In these cases, however, the records clearly show that Synertx did not produce the e-mails, but that the facilities (the defendants in the main action) produced a few of the e-mails during discovery. Thus, because the facilities produced the e-mails and were relying on them to support their counterclaims and defenses, the facilities are deemed to have admitted to the correctness and authenticity of the documents, and Synertx was authorized to introduce the e-mails as evidence against the facilities without providing further proof of authenticity.... In contrast, however, because Synertx neither produced the e-mails nor claimed any benefit pursuant to them, the facilities were not authorized to use the e-mails in support of their claims or defenses against Synertx without producing further proof of the e-mails' authenticity. See Campbell v. Roberts, 66 Ga. 733, 734-735 (1881) (the administrator of an estate produced a deed during discovery which purported to convey property to the opposing party, but which lacked any proof of delivery to the claimant; under such circumstances, the claimant could not use the deed as evidence against the administrator without further proof of authenticity, since it was the claimant, not the administrator, who sought to benefit under the deed).

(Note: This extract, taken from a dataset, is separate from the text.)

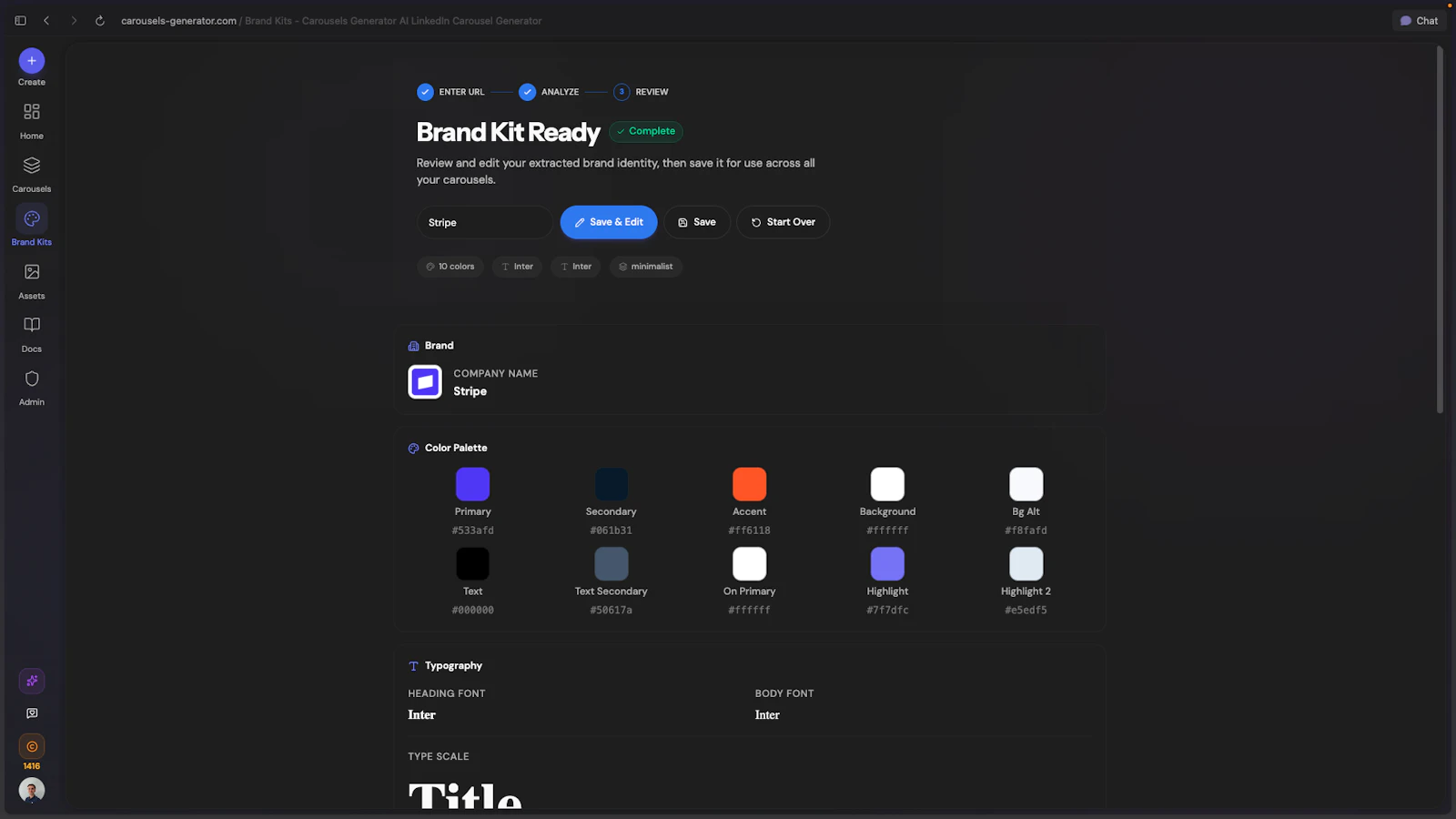 Carousels Generator screenshot 6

Held, “the trial court did not abuse its discretion when it sustained Synertx's objections to the admissibility of the e-mails and granted the motion to strike.”

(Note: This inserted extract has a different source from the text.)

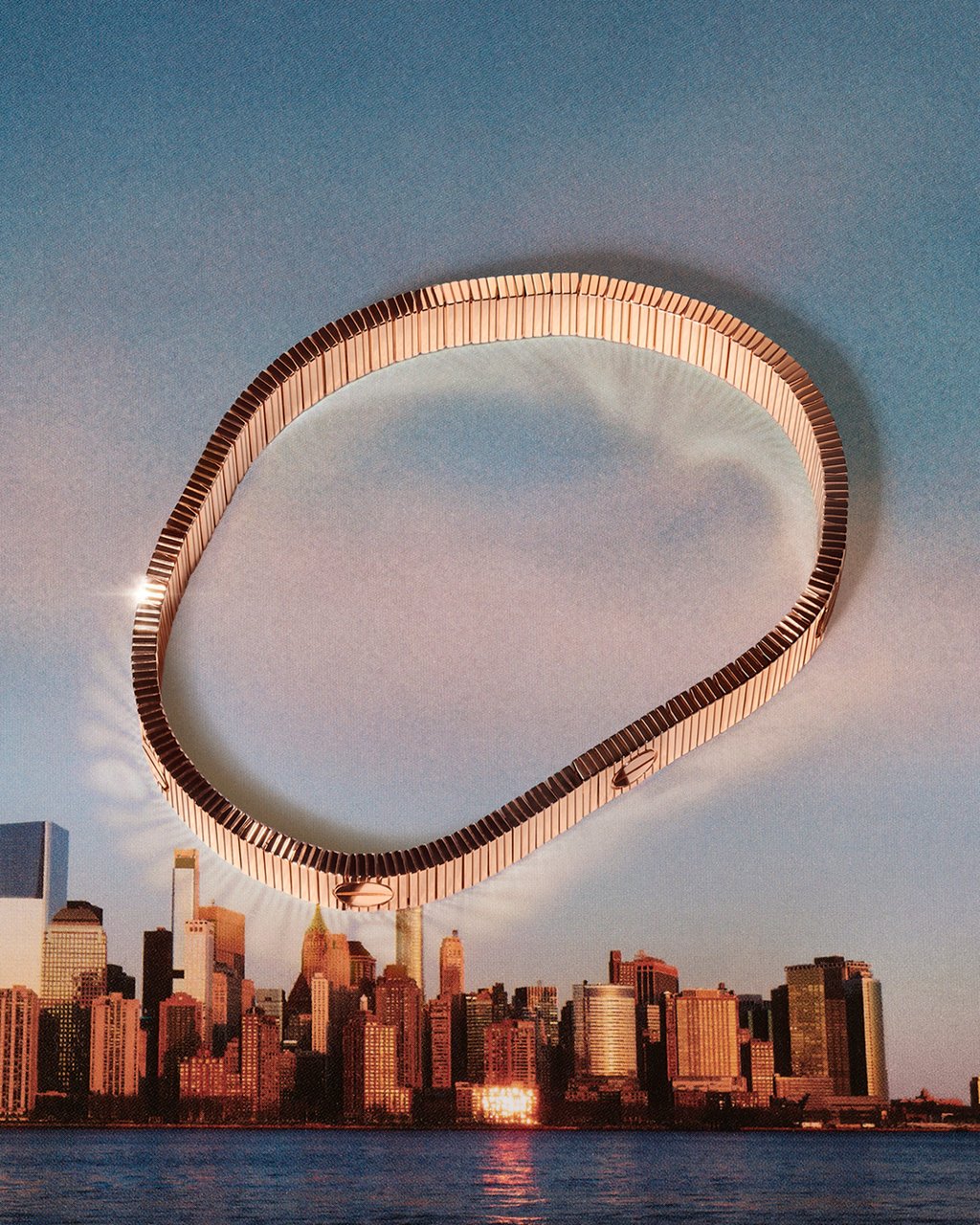 Cartier Love Unlimited bracelet in pink gold showing its new flexible design. Photo: Handout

Case No. 2. Schaghticoke Tribal Nation v. Kempthorne, 587 F. Supp. 2d 389 (D. Conn. 2008):
Respondents also move to strike numerous emails sent to and from the lobbying firm Barbour Griffith & Rogers ("BGR") for lack of authentication and as inadmissible hearsay. However, these emails have been properly authenticated to the extent that they were produced to Petitioner by BGR itself during discovery. See John Paul Mitchell Sys. v. Quality King Distribs., Inc., 106 F. Supp. 2d 462, 472 (S.D.N.Y. 2000) (holding that the act of production itself implicitly authenticates documents). They also were identified at Loren Monroe's deposition. See Fed. R. Evid. § 901(b) (providing that "[t]estimony that a matter is what it claimed to be" is an example of identification which satisfies the authentication requirement of Rule 901(a)).